Paramilitary force of the government of Liberia (1998–2003)

The Anti-Terrorist Unit (ATU), also known as the Anti-Terrorist Brigade, was a paramilitary force of the government of Liberia, established by then-President Charles Taylor in 1997–98. Chuckie Taylor, Charles Taylor's son, served as commander of the force for a period. The ATU was initially organized ostensibly to protect government buildings, the executive mansion, the international airport, and to provide security for some foreign embassies. It was a special forces group consisting predominantly of foreign nationals from Burkina Faso and The Gambia, as well as former Revolutionary United Front (RUF) combatants from Sierra Leone.

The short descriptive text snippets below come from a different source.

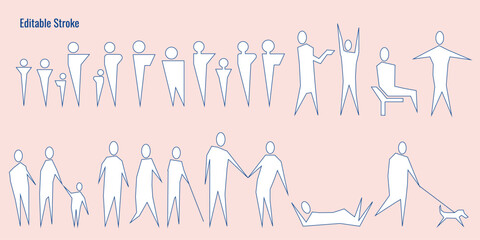Human Shapes hand drawn abstract and architectural illustration, Editable Stroke 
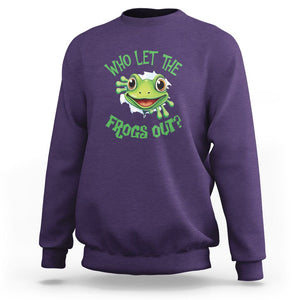 Passover Sweatshirt Who Let The Frogs Out Funny Jewish TS09 Purple Printyourwear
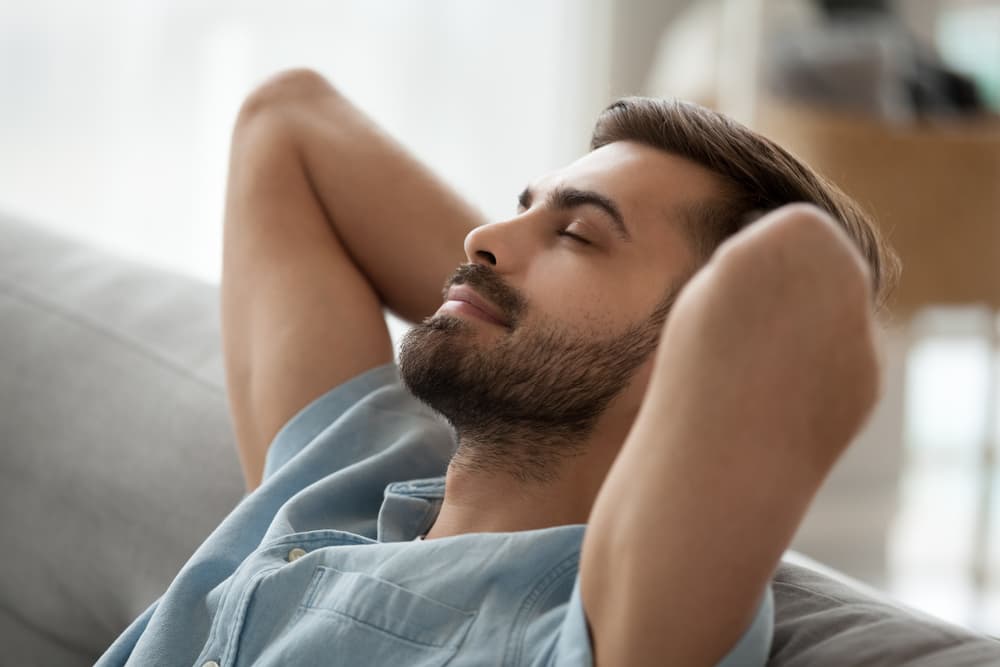 man relaxing at home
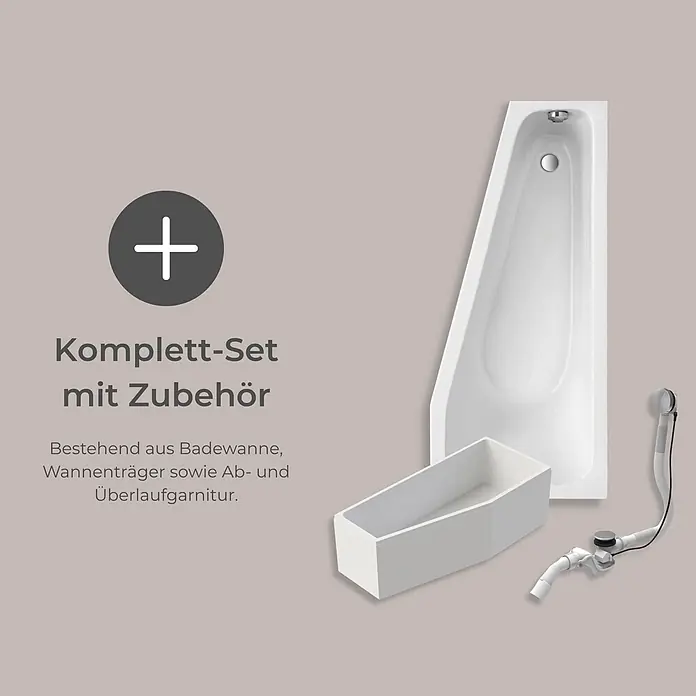 Interpromo Raumsparbadewanne Riva Rechts Komplettset inkl. Wannenträger 170 x 75 - 170 x 75 cm, Acryl, Weiß, Rechts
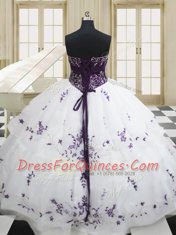 Dazzling Strapless Sleeveless Organza Vestidos de Quinceanera Beading and Embroidery Lace Up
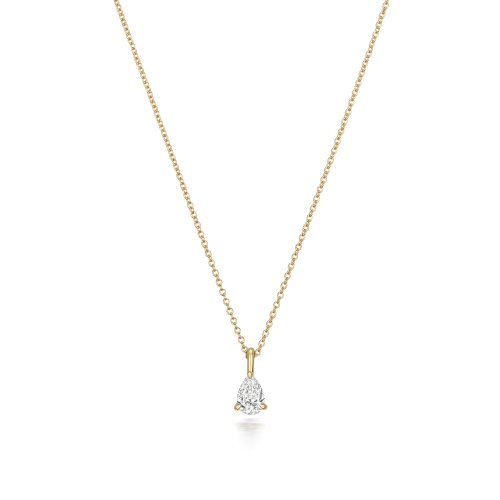 Diamond Pear Shape Necklace In 18ct Gold 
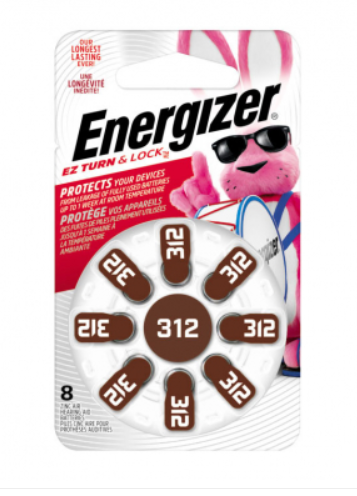 ENERGIZER HEARING AID BATTERIES 8 Pack - AZ312DP8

The ATU had no legal basis for its existence, and was not under the command of the Ministry of Defense. The ATU absorbed Taylor's most experienced NPFL civil war fighters, including undisciplined and untrained loyalists. Sam Bockarie (alias Mosquito), and Brig. Gen. Abu were named as being among the ATU's senior personnel in a report issued in October 2001. According to a report from the UN Panel of Experts on Diamonds and Arms in Sierra Leone, issued in December 2000, a former South African Defence Force (SADF) officer, Fred Rindel, trained up to 1,200 ATU personnel between September 1998 and August 2000, when Rindel cancelled his contract following negative media attention.

During 2002 ATU members increasingly were involved in criminal activities such as theft, looting, and murder in Monrovia. More than in the past, the perpetrators were apprehended; however, cases against them remained unresolved at year's end. Two ATU members arrested in November 2001 after looting a private residence in Monrovia were released during 2002.

There were many unlawful killings by security forces during 2002. For example, on June 19, an ATU officer and presidential guards opened fire on a taxicab in Monrovia and killed a 6-year-old child and critically injured his mother and the driver. President Taylor ordered an investigation of the incident, which was ongoing at year's end. In September Lt. Isaac Gono, a driver attached to ATU chief Charles Taylor Jr.'s command, was beaten to death by his colleagues as a disciplinary measure for denting a vehicle. Two soldiers were arrested and held for court martial. The trial was opened; however, it later was suspended for unknown reasons, and the case was pending at year's end.

Former Deputy Minister of Labor Bedell Fahn and four members of the ATU arrested for torturing two Nigerian men to death in October 2001 were tried during 2002. Fahn was sentenced to 10 months in prison; however, in September he was released. Two ATU members were acquitted and the other two were sentenced to life imprisonment.

The National Transitional Government of Liberia disbanded the ATU, as part of Liberia's larger post-war demobilisation process.